Now, define the following $3\times 3$ blocks matrices $$ H_1(M_1) = \left(\begin{array}{ccc} 0 & M_1& M_1 \\\\ 0 & I & 0 \\\\ 0 & 0 & I\\ \end{array}\right), \; H_2(M_2) = \left(\begin{array}{ccc} I & 0 & 0 \\\\ M_2 & 0 & M_2 \\\\ 0 & 0 & I\\ \end{array}\right),\; \mbox{and} \\\\ H_3(M_3) = \left(\begin{array}{ccc} I & 0 & 0 \\\\ 0 & I & 0 \\\\ M_3 & M_3 & 0\\ \end{array}\right), $$ and the set of $3\times 3$ block matrices $$ \mathcal{J} = \{H_3(M_3)H_2(M_2)H_1(M_1) : M_3, M_2, M_1 \in \mathcal{M} \}. $$

Note that $\rho(H_i) = 1$ and $\rho(H_iH_j) = 1$, $\forall i, j$.

### Questions

Can it be shown that:

- $\rho(J) < 1$, $\forall J \in \mathcal{J}$ ? And, more generally
- $\rho(\prod_{i=1}^nJ_i)^{1/n} < 1, \forall n$, and $\forall J_i \in \mathcal{J}$ ?

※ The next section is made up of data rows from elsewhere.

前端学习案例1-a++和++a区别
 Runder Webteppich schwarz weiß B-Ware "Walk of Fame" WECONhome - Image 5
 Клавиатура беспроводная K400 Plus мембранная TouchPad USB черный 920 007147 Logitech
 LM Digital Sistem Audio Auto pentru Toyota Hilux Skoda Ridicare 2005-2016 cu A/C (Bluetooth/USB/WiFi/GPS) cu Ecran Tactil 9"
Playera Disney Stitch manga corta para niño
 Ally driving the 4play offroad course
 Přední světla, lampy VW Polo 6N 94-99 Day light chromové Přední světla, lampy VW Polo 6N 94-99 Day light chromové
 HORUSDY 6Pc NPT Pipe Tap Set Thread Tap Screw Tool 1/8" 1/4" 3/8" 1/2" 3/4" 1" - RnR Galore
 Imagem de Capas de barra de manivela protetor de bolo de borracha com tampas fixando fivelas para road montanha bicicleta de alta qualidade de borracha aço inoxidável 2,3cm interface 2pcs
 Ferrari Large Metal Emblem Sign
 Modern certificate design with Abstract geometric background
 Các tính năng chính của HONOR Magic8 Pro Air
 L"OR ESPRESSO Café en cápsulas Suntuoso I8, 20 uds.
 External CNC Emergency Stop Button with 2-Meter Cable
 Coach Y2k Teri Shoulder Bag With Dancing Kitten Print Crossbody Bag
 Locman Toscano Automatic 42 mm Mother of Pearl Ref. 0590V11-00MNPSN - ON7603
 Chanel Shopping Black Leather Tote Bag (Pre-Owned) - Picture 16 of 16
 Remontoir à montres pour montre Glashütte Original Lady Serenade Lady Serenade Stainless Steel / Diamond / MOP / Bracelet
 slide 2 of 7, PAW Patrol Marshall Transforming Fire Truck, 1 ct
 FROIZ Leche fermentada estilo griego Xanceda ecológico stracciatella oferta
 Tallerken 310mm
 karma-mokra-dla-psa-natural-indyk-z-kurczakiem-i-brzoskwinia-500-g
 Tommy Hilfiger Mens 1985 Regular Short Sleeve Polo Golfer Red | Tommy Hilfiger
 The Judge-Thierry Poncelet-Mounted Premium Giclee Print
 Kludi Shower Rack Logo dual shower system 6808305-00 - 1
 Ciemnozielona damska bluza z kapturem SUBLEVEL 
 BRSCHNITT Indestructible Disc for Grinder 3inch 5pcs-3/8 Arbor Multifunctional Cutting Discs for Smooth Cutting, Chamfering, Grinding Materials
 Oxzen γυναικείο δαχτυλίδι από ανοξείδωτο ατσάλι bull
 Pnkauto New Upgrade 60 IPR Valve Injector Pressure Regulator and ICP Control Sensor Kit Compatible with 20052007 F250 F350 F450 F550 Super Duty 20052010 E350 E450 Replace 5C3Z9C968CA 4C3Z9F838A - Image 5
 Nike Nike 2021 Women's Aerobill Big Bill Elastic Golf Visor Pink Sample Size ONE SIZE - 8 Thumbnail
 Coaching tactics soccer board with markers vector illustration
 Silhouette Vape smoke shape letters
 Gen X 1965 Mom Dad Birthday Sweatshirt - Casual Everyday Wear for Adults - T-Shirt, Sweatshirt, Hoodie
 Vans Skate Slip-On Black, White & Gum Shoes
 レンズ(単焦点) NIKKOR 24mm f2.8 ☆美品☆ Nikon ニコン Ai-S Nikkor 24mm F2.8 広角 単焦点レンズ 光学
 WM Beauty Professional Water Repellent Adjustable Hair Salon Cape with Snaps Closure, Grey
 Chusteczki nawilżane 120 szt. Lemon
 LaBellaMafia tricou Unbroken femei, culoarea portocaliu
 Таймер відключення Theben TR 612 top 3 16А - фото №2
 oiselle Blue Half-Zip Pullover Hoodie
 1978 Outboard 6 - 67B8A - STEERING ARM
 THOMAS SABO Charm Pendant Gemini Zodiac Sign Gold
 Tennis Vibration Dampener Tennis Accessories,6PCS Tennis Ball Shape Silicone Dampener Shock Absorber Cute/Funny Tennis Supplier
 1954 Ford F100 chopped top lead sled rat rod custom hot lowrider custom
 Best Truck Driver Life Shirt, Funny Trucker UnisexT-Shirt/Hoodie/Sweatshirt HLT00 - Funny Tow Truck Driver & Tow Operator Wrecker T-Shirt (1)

If the above two inequalities are true for $3\times 3$ block matrices, can these inequalities be shown to be true for $K\times K$ block matrices, for $K \geq 4$?

### Observations

- These inequalities can be proved for $K=2$ using the two inequalities given in the Background.
- Numerically it was observed that these two inequalities are true for several values of $K$ and $S$ and for a large number of randomly generated $M$ matrices.